Estas evidências colocam-nos assim perante um estatuto menos específico das artes performativas e da performance art. Por um lado, sabemos que não nos é possível reproduzir as peças de Shakespeare como este o faria, ou a sua equipa, uma vez que muitos dos seus trabalhos foram coletivos e que nem todas as suas peças chegaram até nós; sabemos que apesar de Beckett ter deixado indicações muito específicas sobre como gostaria que as suas peças acontecessem, isso não garantiu a reprodução como o original.

Por outro lado, não deixa de ser verdade que a recriação contínua de «repertórios» garante a vida dessas obras performativas: que são texto mas também são memórias e adaptações ao tempo.

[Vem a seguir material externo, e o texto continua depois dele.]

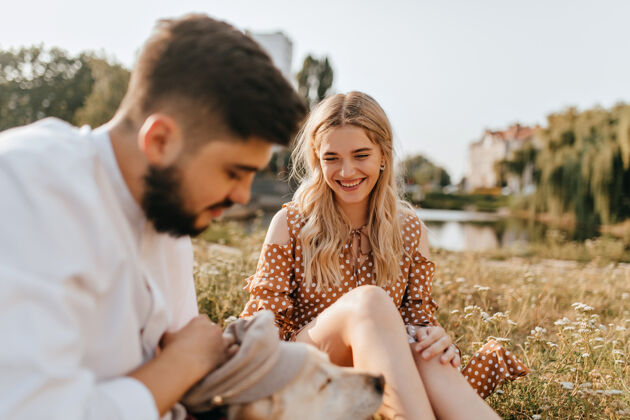 圆点连衣裙美丽的金发女孩和她善良的丈夫正在草地上休息 和他们的宠物玩耍这对夫妇在湖面的背景下摆姿势户外休闲微笑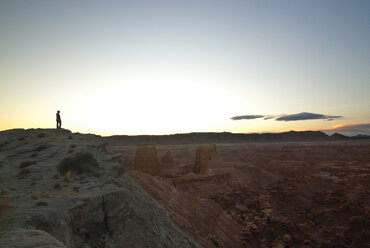 View of man standing on mountain against clear sky - CAVF01770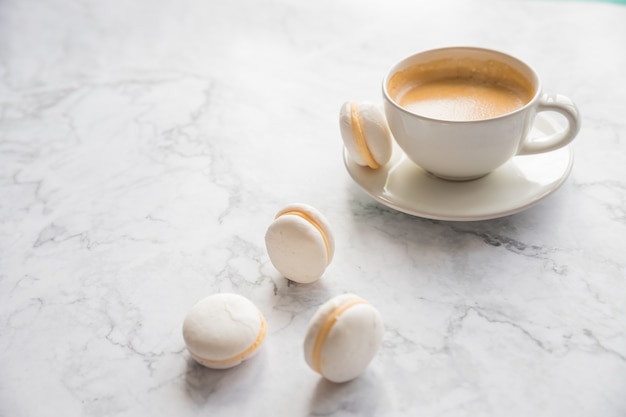 Café et macarons français sur fond de marbre.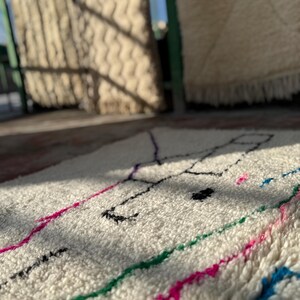 Puede incluir: Alfombra de color crema con un dise&ntilde;o geom&eacute;trico. La alfombra presenta un patr&oacute;n de l&iacute;neas negras, moradas, rosas, verdes y azules. La alfombra est&aacute; hecha de un material suave y texturizado.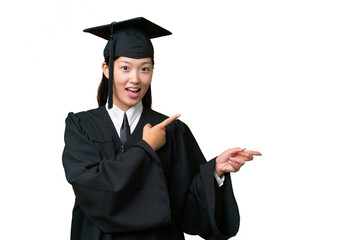 Young university graduate Asian woman over isolated background surprised and pointing side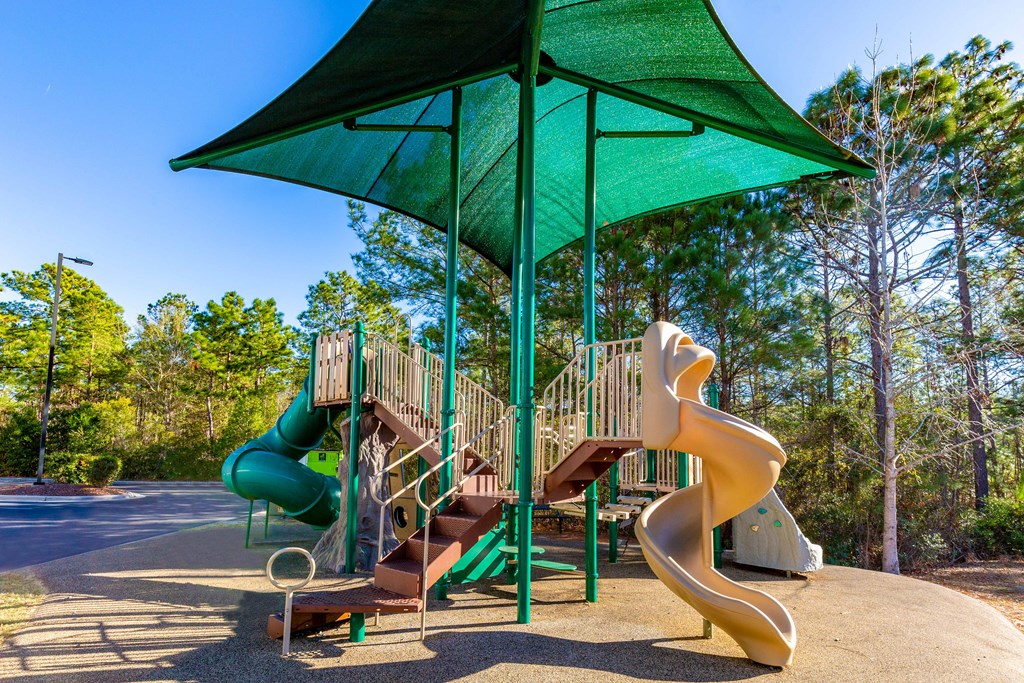 a playground with two slides and a green umbrella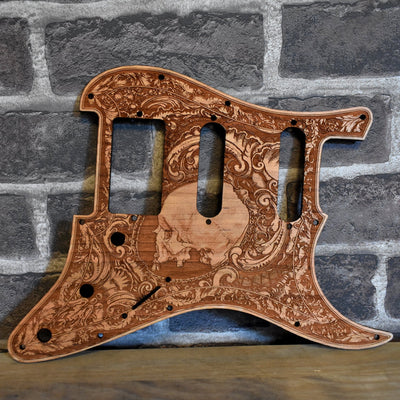 Fender Stratocaster cherry wood pickguard with laser-engraved human skull design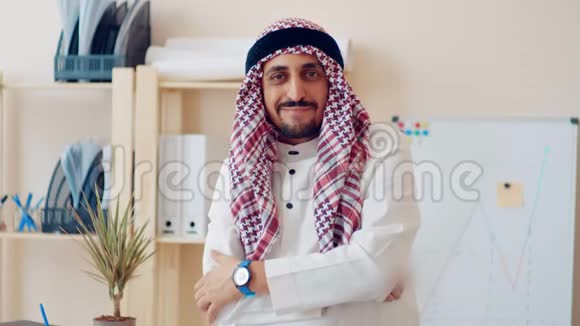英俊的年轻穆斯林男性穿着传统的伊斯兰服装站在白板上绘制的金融图表前面视频的预览图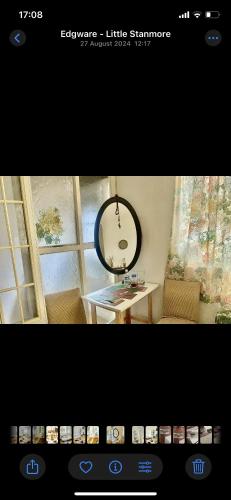 a picture of a room with a mirror and a table at F&D Cozy Corners in Edgware
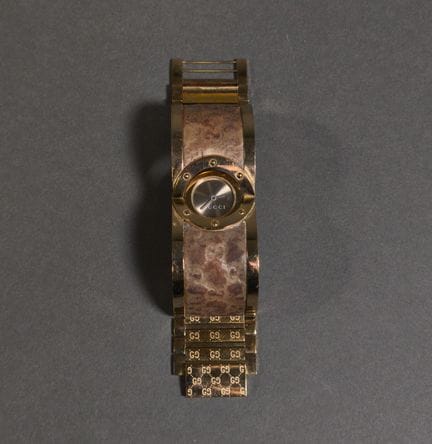 Gucci, montre bracelet Twirl en acier, acier doré,
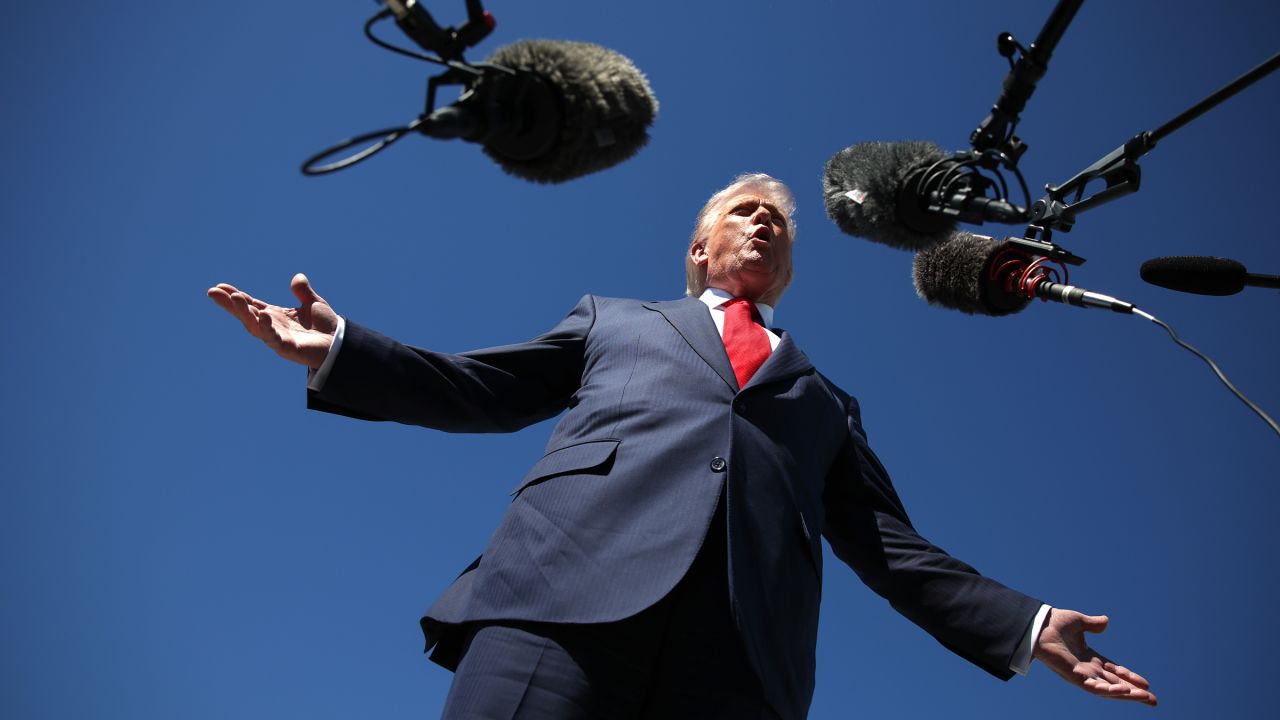 US President Donald Trump speaks to reporters as he arrives at Palm Beach International Airport on October 31, 2025 in West Palm Beach, Florida.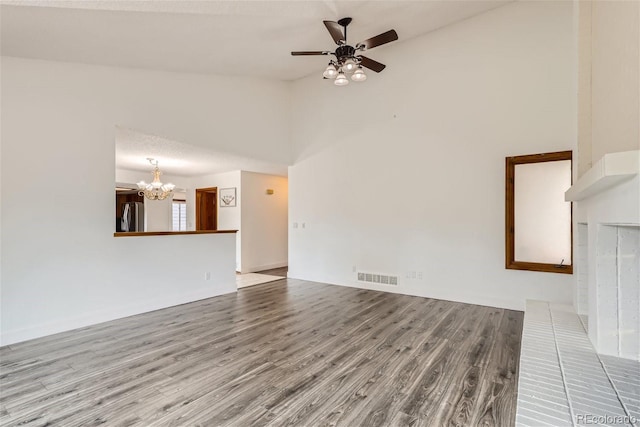 unfurnished living room with high vaulted ceiling, visible vents, wood finished floors, and ceiling fan with notable chandelier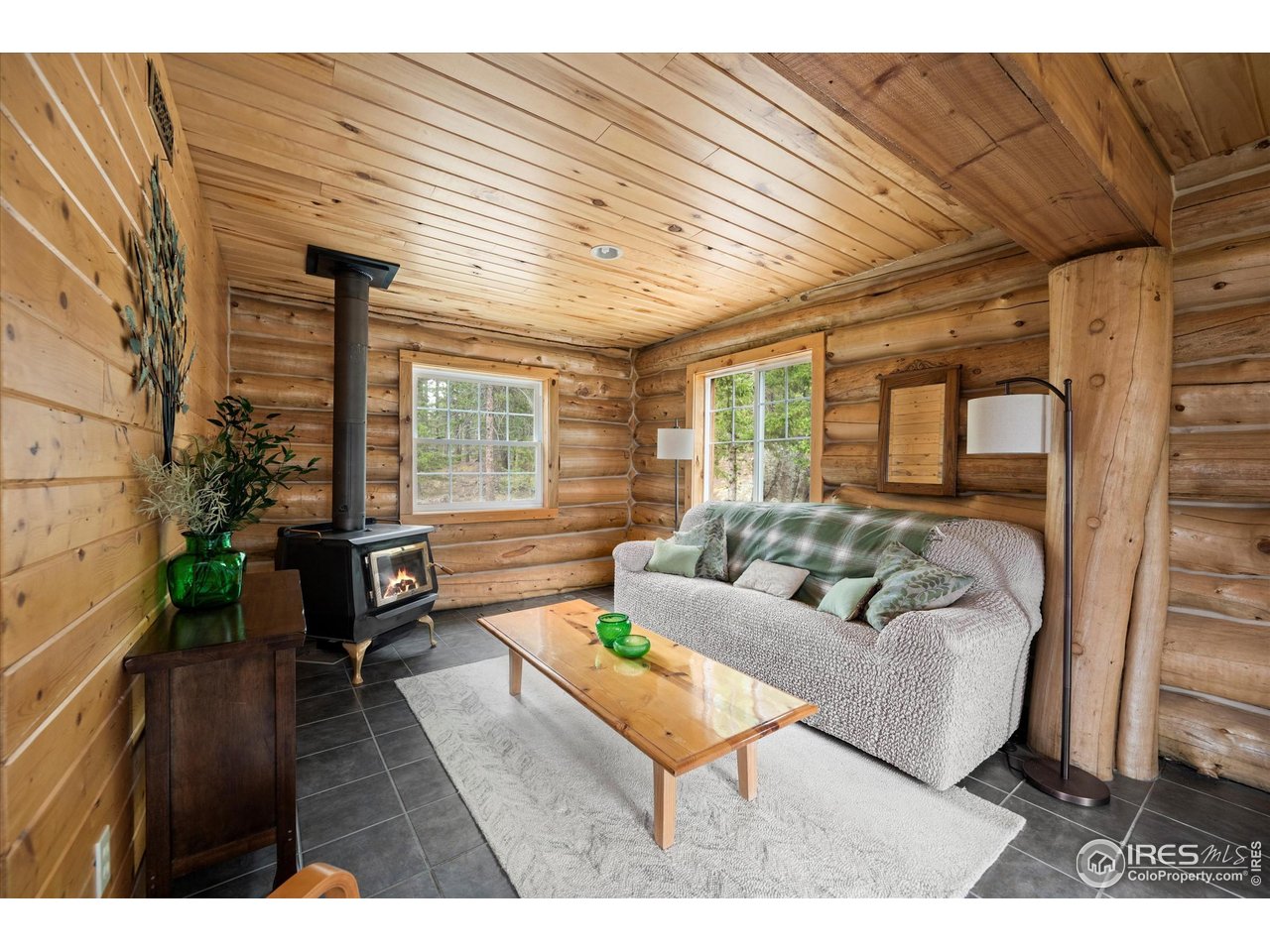 122 Elk Way Drake, CO 80515 - Photo 7 of 43 a living room with furniture and a wooden floor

Nesse sentido, o que a recriação e incorporação nos arquivos e museus nos tem mostrado é que uma performance não é assim tão específica.

Um último exemplo: a peça de Ernesto de Melo e Castro Música Negativa, que voltou a ser apresentada no dia 12 de Fevereiro de 2017, na ZDB, no âmbito de uma reperformance do Concerto e Audição Pictórica, não procurou reproduzir a peça tal como ela aconteceu em 1965, ou mesmo em 1977 quando foi filmada em 16 mm por Ana Hatherly, mas também o próprio artista nunca o fez. Entre 1965 e 1977 Ernesto de Melo e Castro reapresentou, por diversas vezes, e em diversos contextos, esta peça que simbolizava o silêncio imposto durante a ditadura portuguesa até 1974. E importa também referir que Melo e Castro não se define nem como artista plástico, nem como homem de teatro, mas antes como poeta experimental ou poeta visual, e foi a partir daí que criou esta e outras peças que podemos incluir hoje na história da performance art portuguesa.

Em suma, a incorporação do performativo nos arquivos e nos museus é um de entre os vários processos de preservação da memória; a ela juntam-se as leituras dos curadores/programadores culturais e dos seus públicos. Não é necessariamente a adição de muitos restos da obra que nos dá um melhor eco de uma obra performativa: as leituras que sobre elas fazem aqueles que as apresentam, o modo como as apresentam e as relações que estabelecem com outras obras, tudo isso preserva e recria uma obra performativa, dando-lhe mais vida.

 

Bibliografia

Armstrong, Gordon S. 1990. Samuel Beckett, W.B. Yeats, and Jack Yeats: Images and Words. Londres e Toronto: Associated University Presses.

Auslander, Philip. 2006. The Performativity of Performance Documentation, PAJ 84, 1–10.

Lepecki, André. 2010. The Body as Archive: Will to Re-Enact and the Afterlives of Dances, Dance Research Journal 42(2), pp. 28-48.

Phelan, Peggy. 1993. Unmarked: The Politics of Performance. Londres: Routledge.

Taylor, Diana. 2003. The Archive and the Repertoire: Performing Cultural Memory in the Americas. Durham: Duke University Press.

 

Nota

Este texto teve por base a comunicação apresentada no Museu Nacional do Teatro e da Dança, no dia 22 de Março de 2017, no âmbito do ciclo Debater o Intangível, dedicado ao tema «As Artes Performativas e a Incorporação do Imaterial: Arquivos e Museus», organizado por Hélia Marçal e Daniela Salazar e com a participação de José Carlos Alvarez (Director MNTD) e Luís Castro (Karnart C.P.O.A.A).